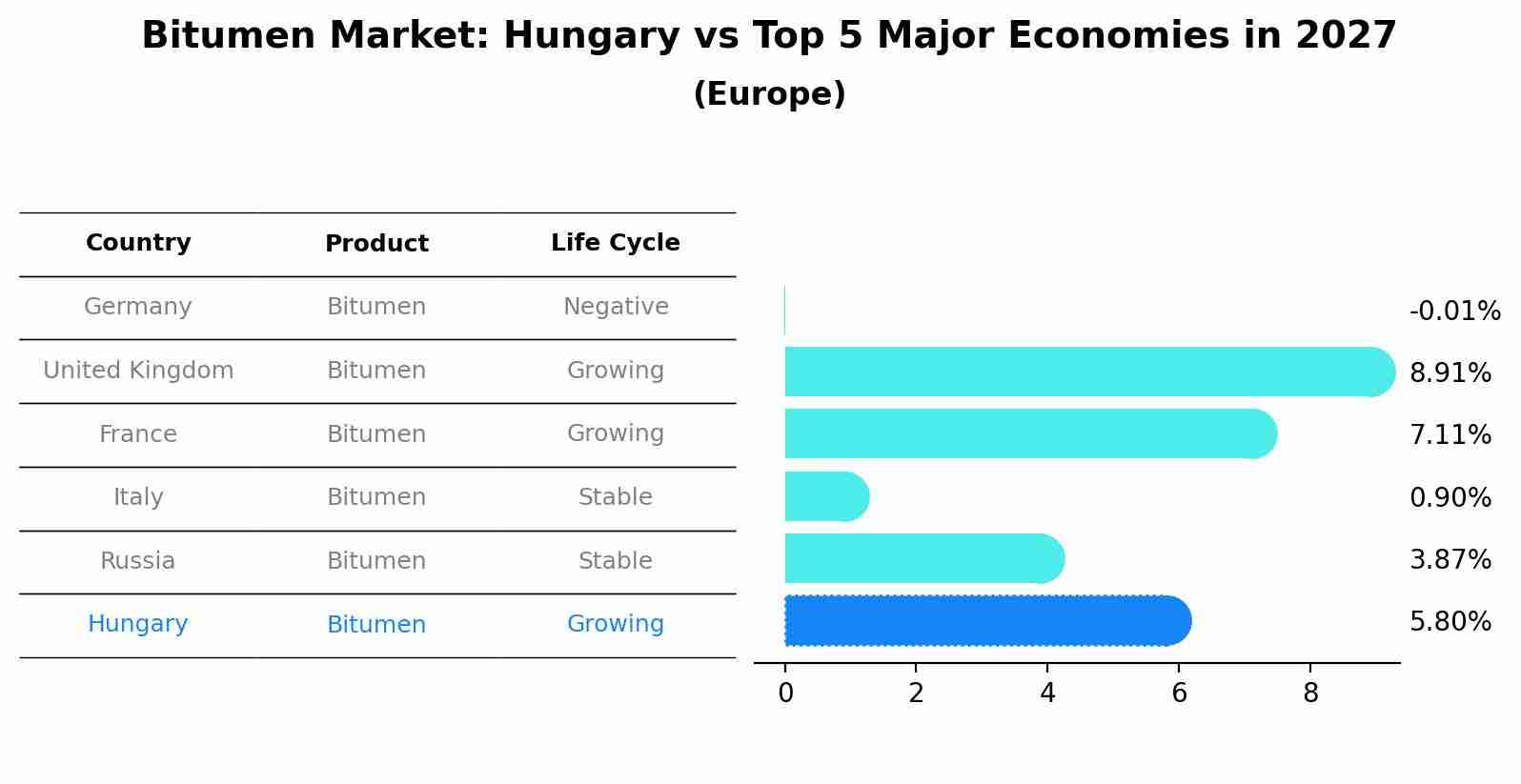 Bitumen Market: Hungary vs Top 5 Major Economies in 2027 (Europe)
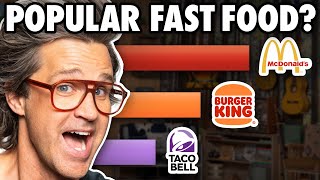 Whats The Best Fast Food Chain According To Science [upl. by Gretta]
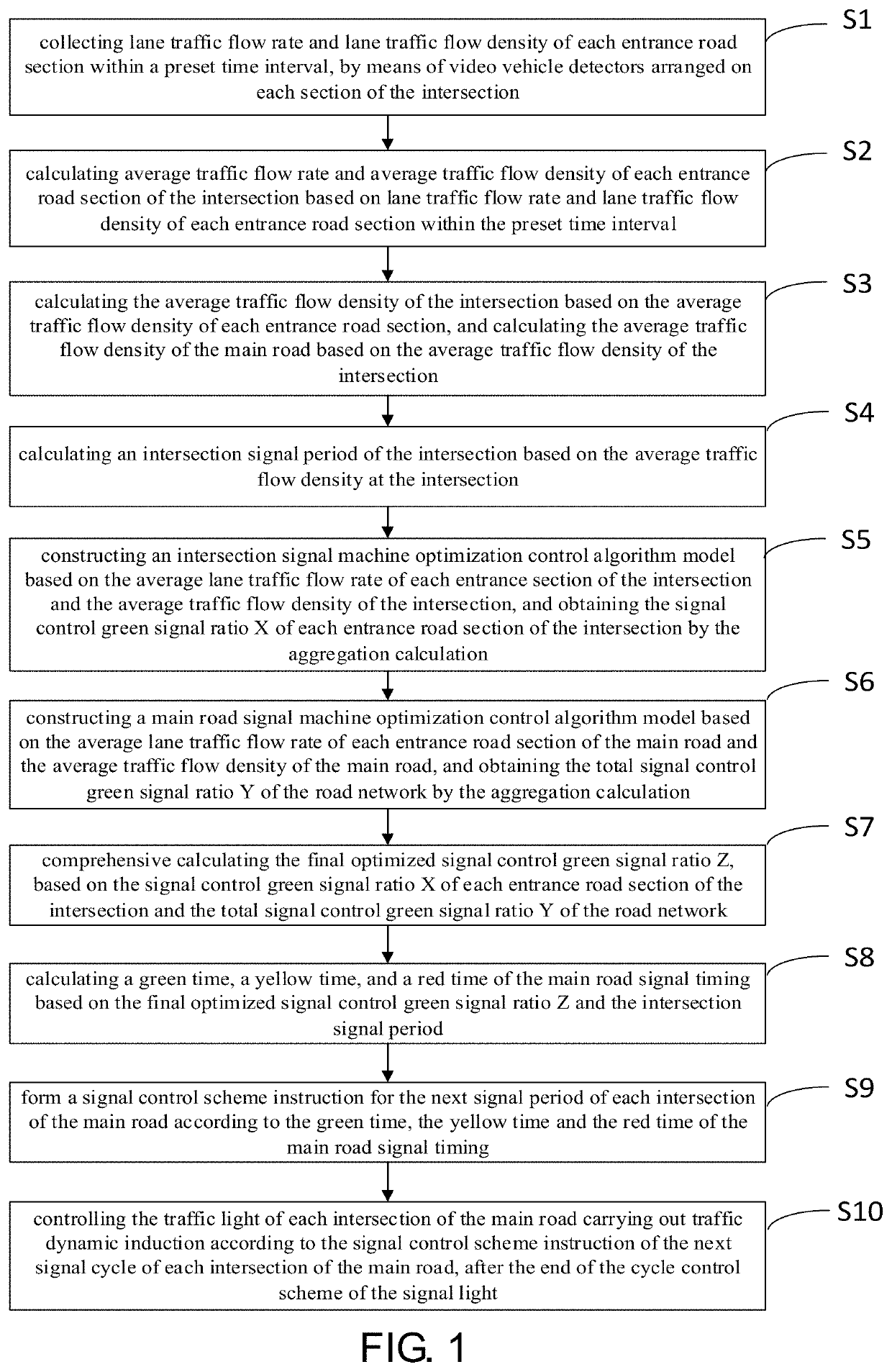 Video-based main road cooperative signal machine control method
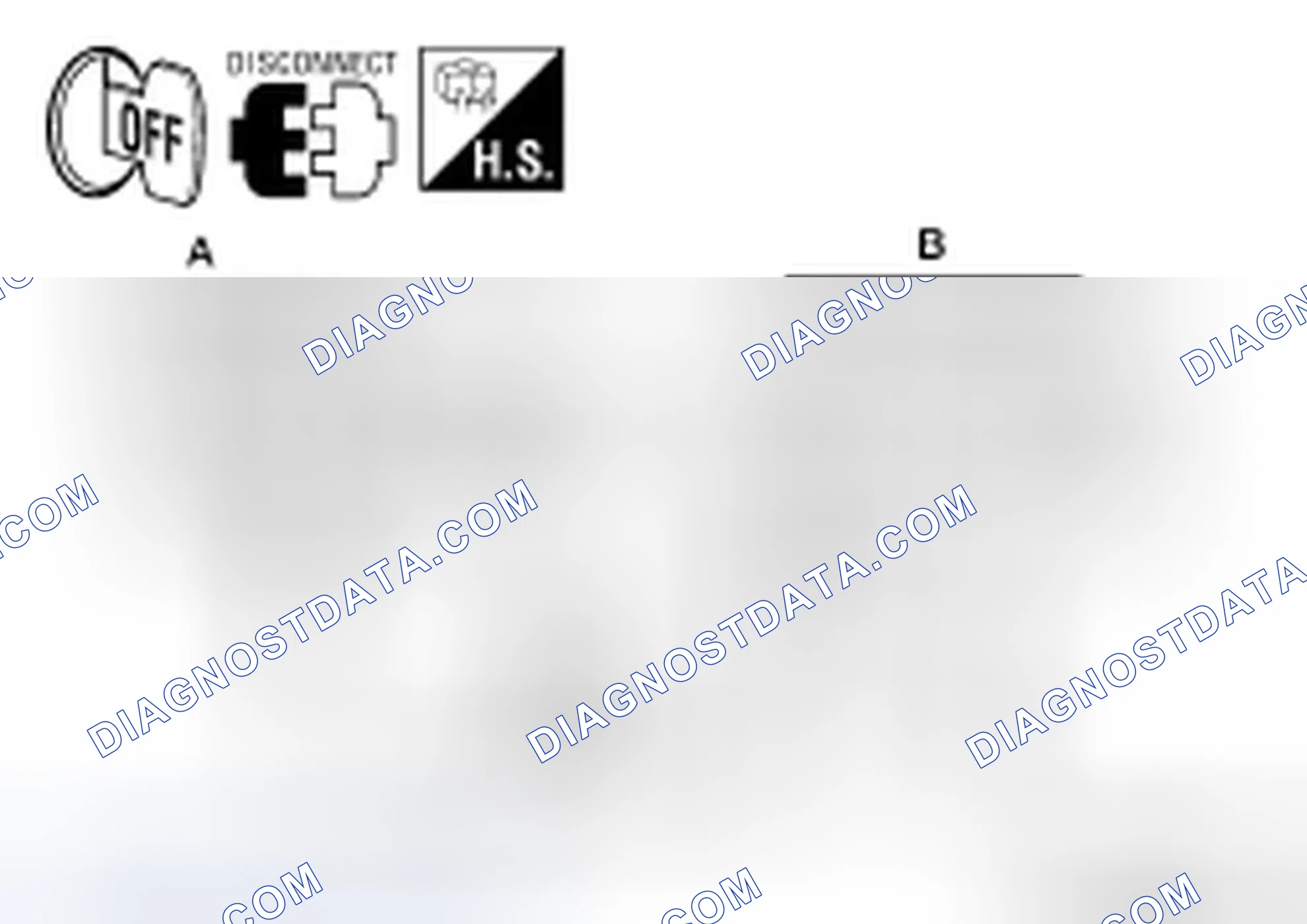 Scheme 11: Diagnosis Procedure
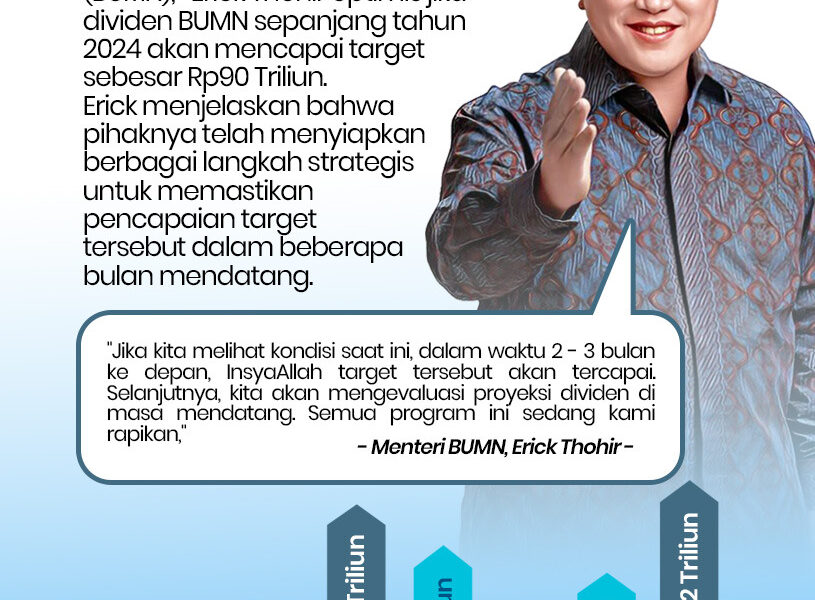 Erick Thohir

TASK PROMPT →
Please output the lines from the line that holds "Whats The Best" through the final line of the material above, both included. Each line must match exactly, and pictures must be excluded.

RESULT BELOW →
 Whats The Best Fast Food Chain According To Science [upl. by Gretta]
 Video-based main road cooperative signal machine control method
 Scheme 11: Diagnosis Procedure
 Erick Thohir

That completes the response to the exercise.